The Wolf of VMware: A Q&A with VMware's Chris Wolf
From Virtualization Review (kind of) to VMware Americas CTO, Chris Wolf runs to the top of the virtualization ranks.
Chris Wolf is one of the most recognizable names in virtualization. A former columnist for Virtualization Review, he's worked as an analyst for the Burton Group and Gartner Inc., and his opinions are highly regarded in the industry. Now he's taken on a new challenge with VMware Inc. Wolf shared some of his thoughts on the state of the industry and his new job with Editor in Chief Keith Ward.
Q: What are the biggest challenges you hear from customers regarding their virtualization efforts?
A: Chris Wolf: Organizations are often challenged with taking the next step. They have highly mature virtualization deployments, and want to realize the full benefits of a software-defined enterprise. They often see a future in running applications on lower cost x86 infrastructure that provides most compute, storage, network and security services. While they strive to reach the end state, they're unsure of how to safely navigate to it. Great use cases as entry points to a pure software-defined datacenter (SDDC) include development and test, tier-4 workloads such as back-end IT reporting applications, and modern Web-scale applications that run on a resilient application platform.
When the application stack is natively redundant, there's no value in running that stack on enterprise hardware with additional and unnecessary redundancy. As an IT team gains confidence with operating the software-defined environment, it can add additional workloads. This is a journey that will take several years, and finding the right use cases to be able to take that first step is critical.

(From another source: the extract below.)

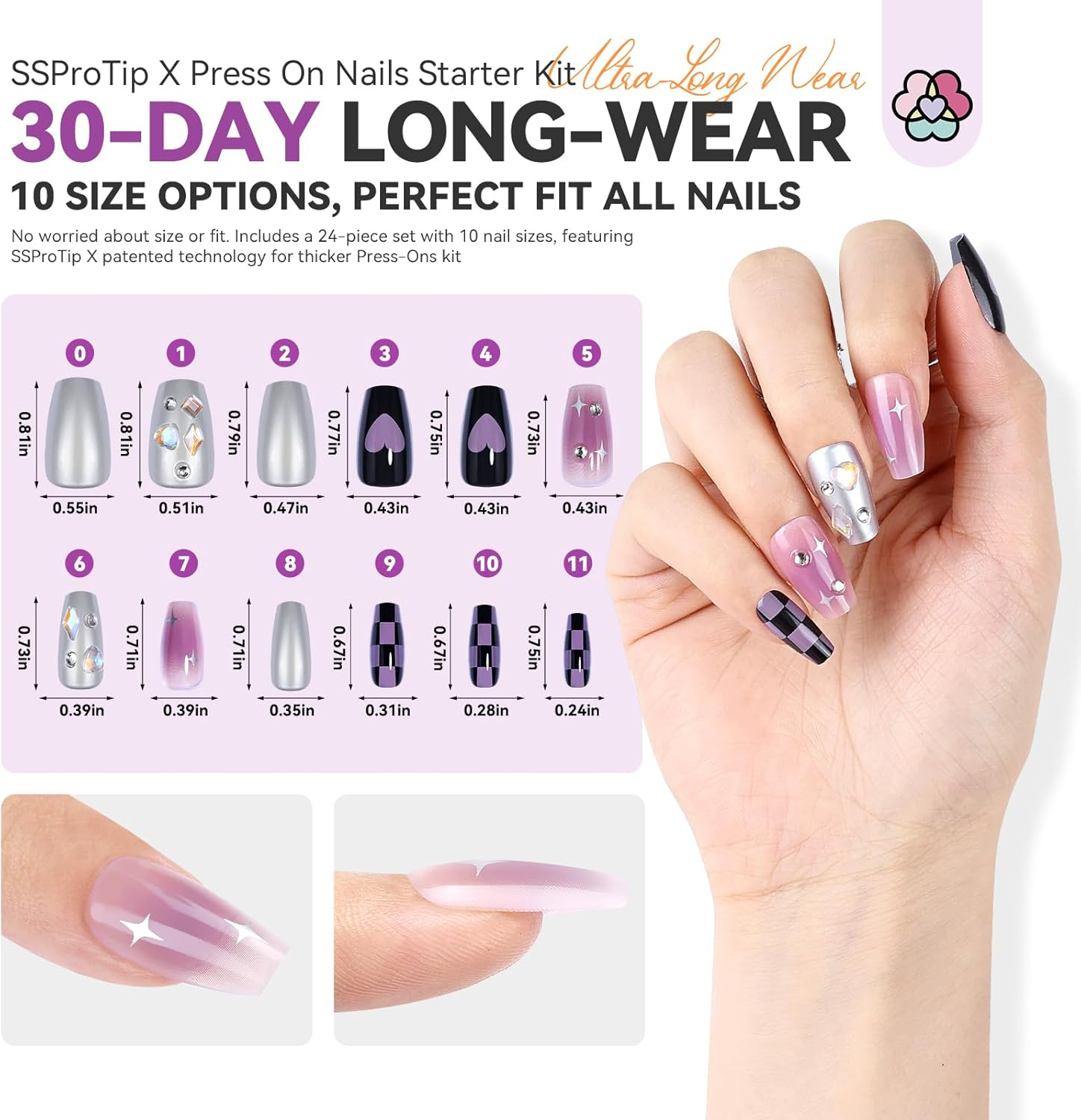 SAVILAND Naughty Heart Press-Ons Starter Kit: Long-Wear Thick 100% Acrylic Nail Tips Press on Nails Gels Nails GEL Glue Soft Gel Tips Fake Tips False Nails U V Nail Lamp Star Gift Set image number 5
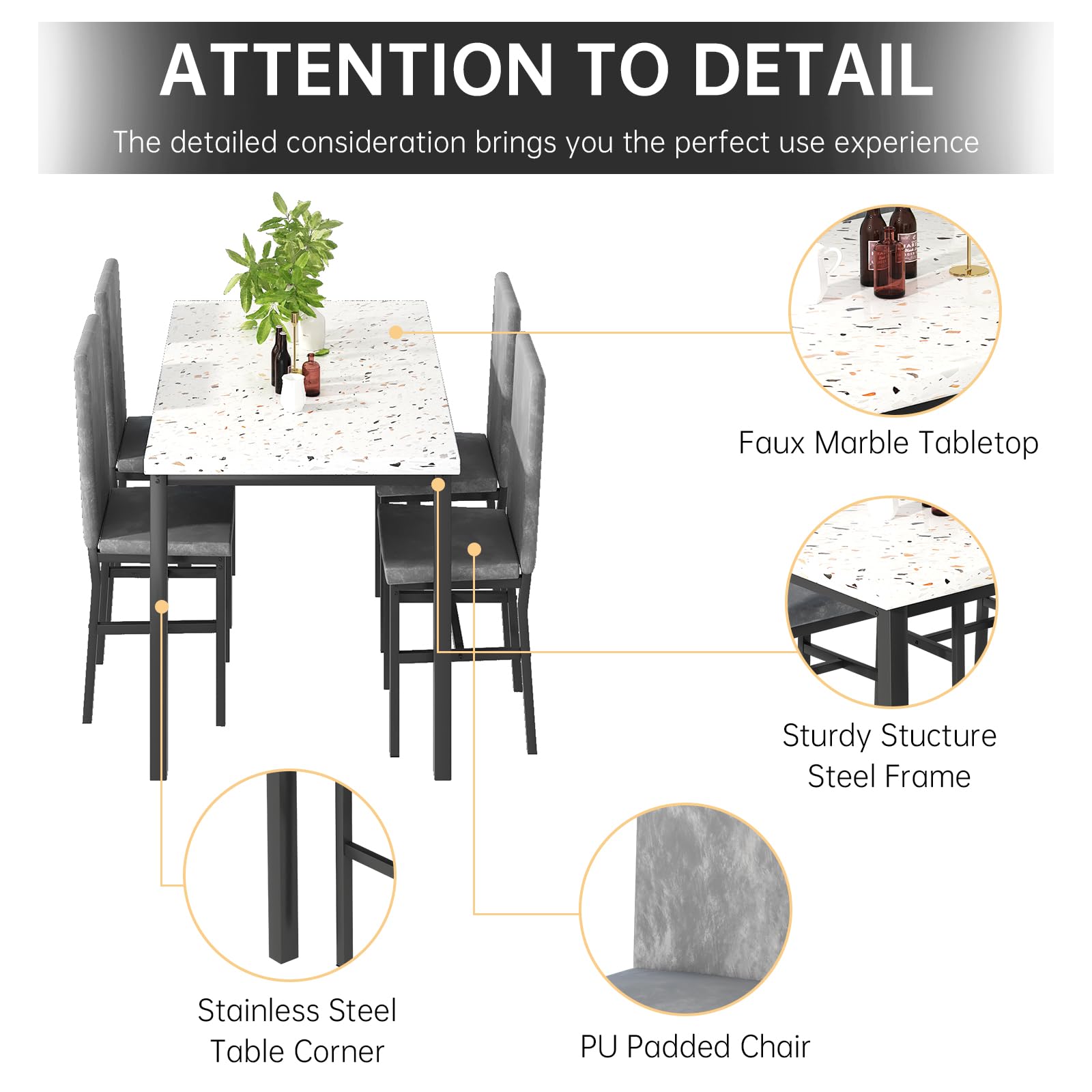 5-Piece Dining Table Set with Upholstered Chairs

Q: What are the most important future areas of virtualization, as server virtualization is well established now?
A: IT organizations are increasingly getting pressured to significantly improve agility. In most environments, storage, networking and security remain the primary provisioning bottlenecks. Virtualization and software-defined infrastructure can shorten infrastructure provisioning from weeks to minutes or even seconds. You can also drastically reduce complexity... why are we still basing security decisions on an IP address, which is an arbitrary number that can change? That degree of complexity is unnecessary and illogical with today's technology. Once enterprises shift their security controls to be based on application containers instead of IP addresses, they often ask, "Why didn't I do this sooner?"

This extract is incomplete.